Blog

AI Monitoring and LLMOps with PagerDuty

by Mitra Goswami February 5, 2025 | 5 min read

This post was authored by Mitra Goswami, Ralph Bird, Everaldo Aguiar, and Scott Sieper.

Over the past two years, generative AI (GenAI) has come a long way, from the early excitement of ChatGPT to early explorations and more and more companies deploying GenAI-powered features into production. As the field continues to evolve, with breakthroughs announced almost daily, we at PagerDuty have been on-call thinking about all aspects of this transformation and how to safely leverage GenAI to further improve our product and better support you with yours. 

The PagerDuty Operations Cloud sets itself apart in how it uses AI/ML to help teams eliminate alert noise, improve triage, manage and learn from incidents, automate tasks, and streamline communications. Central to that, we’ve recently announced PagerDuty Advance, which adds a layer of GenAI capabilities to our features and provides tangible improvements to the incident management lifecycle.

Thousands of users rely on us to ensure they can maintain high levels of trust in their products, and just as a server crash can erode that trust, so can a “model hallucination.” While monitoring traditional infrastructure is something we were very familiar with, monitoring AI models (particularly LLMs) is a new challenge. In light of that, we want to share a few notes on the lessons we’ve learned so far and how we are looking at the AI monitoring space moving forward.

LLMOps has several differences from other Ops roles, with companies, from startups to the traditional big players, providing different tools to help with the process.  Whether that is by providing guardrails to block inappropriate content in real-time or monitoring that identifies performance issues, these tools combine to provide a toolkit to help engineers operate GenAI in production. But unlike traditional Ops, where a system is either “on” or “off,” what should you be doing with an LLM output that is inherently non-deterministic and has an output that depends so much on the user’s inputs?

This non-determinism and input sensitivity make monitoring harder. Is the signal that you are seeing a true issue, a difference in user behavior, or a random fluctuation in the LLM’s output? How do you know whether to wake your engineers up or let them rest? Take these two examples:

Security watch: Real-time jailbreak monitoring and alerting
You have a monitor on your guardrails blocking jailbreaks. It was just triggered. Is this someone trying to break your system and leak your IP? Before you declare a security incident, you need to determine whether this is just a spike in the normal rate of false positives or a deliberate attack.
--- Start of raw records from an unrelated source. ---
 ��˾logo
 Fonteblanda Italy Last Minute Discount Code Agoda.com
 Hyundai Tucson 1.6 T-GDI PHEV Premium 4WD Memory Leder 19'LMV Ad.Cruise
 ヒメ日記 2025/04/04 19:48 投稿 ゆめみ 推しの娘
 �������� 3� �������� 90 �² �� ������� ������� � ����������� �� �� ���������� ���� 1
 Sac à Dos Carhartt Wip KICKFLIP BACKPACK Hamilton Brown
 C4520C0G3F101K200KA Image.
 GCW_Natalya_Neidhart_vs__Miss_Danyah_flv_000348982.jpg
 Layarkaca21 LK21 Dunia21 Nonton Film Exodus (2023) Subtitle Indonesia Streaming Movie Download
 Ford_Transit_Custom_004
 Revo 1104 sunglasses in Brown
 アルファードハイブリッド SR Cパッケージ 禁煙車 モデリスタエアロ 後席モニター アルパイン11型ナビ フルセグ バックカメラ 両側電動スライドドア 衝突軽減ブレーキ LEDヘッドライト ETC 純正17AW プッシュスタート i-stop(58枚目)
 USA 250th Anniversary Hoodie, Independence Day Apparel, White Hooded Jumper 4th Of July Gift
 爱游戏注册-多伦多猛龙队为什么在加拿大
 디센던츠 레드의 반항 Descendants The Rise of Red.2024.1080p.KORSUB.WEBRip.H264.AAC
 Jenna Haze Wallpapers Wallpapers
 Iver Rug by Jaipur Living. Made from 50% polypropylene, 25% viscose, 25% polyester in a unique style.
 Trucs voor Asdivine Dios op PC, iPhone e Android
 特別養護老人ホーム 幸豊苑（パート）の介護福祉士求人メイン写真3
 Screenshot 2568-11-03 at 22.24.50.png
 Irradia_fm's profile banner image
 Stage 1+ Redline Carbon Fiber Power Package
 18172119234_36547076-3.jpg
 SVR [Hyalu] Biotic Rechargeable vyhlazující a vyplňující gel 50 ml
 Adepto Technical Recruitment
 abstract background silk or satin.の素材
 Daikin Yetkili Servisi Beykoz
Automation triggered by the event sent into PagerDuty can help here. By running a simple script, you can tell whether this is due to a single customer (a likely attack – let’s wake people up) or lots of customers (more likely noise – let them sleep). This automatic triaging allows us to set a low threshold on the monitor to catch all attacks whilst letting our engineers sleep through the false alarms.

Quality watch: Smart monitoring and real-time alerts
Many companies use a third-party vendor for their LLM models. This reliance adds a potential failure mode where changes to the model can change the output quality. But how do you know when this has happened? Step one is to monitor key parameters (we favor using quick/cheap metrics here, like output length or answer relevance scored using a small model); this lets you see that something could have changed, but is that with the model? Or users interacting with the product differently? Or is it just a random variation from a non-deterministic LLM?  The best way to tell is to run a test set of data with known answers and verify whether there has been a change (e.g., through LLM as a judge). Again, we can use automation to trigger this test so that the alerted engineer has the information they need when they start investigating the event.

Automation and workflows
PagerDuty allows teams to build response playbooks that outline steps for troubleshooting and resolving common LLM issues. These playbooks can be automatically triggered in response to specific incidents, helping to standardize and speed up responses across the team. With the rise of agentic AI, these response plays will become intelligent. Rather than following a pre-scripted workflow, they will diagnose the issue, undertake low-risk remediation (such as triggering a retraining job), and only alert an engineer if they need authorization to undertake higher-risk actions (like blocking a user’s access).

Integrations
PagerDuty has integrations with the LLM Ops Monitoring vendor Arize.  

The Arize and PagerDuty integration monitors your production models and sends alerts to PagerDuty when your models deviate from a certain threshold. Arize and PagerDuty help keep your teams in the loop, send more comprehensive metadata through alerts, and debug your models faster than ever before. Arize assists with ML Performance tracing, Unstructured data monitoring, and automated model monitoring. 

Conclusion
As the use of AI, and GenAI in particular, grows, companies will encounter an increasing number of challenges to running their systems reliably and securely. Monitoring is an important first step in this process, but without proper handling of the resultant alerts, how can you maximize their value to your business whilst minimizing the disruption to your team? This is where PagerDuty, particularly its automation capabilities, can help. By minimizing the noise and providing engineers with the required information, incidents can be reduced, performance can be increased, and you can ensure that you provide the service your customers rely upon.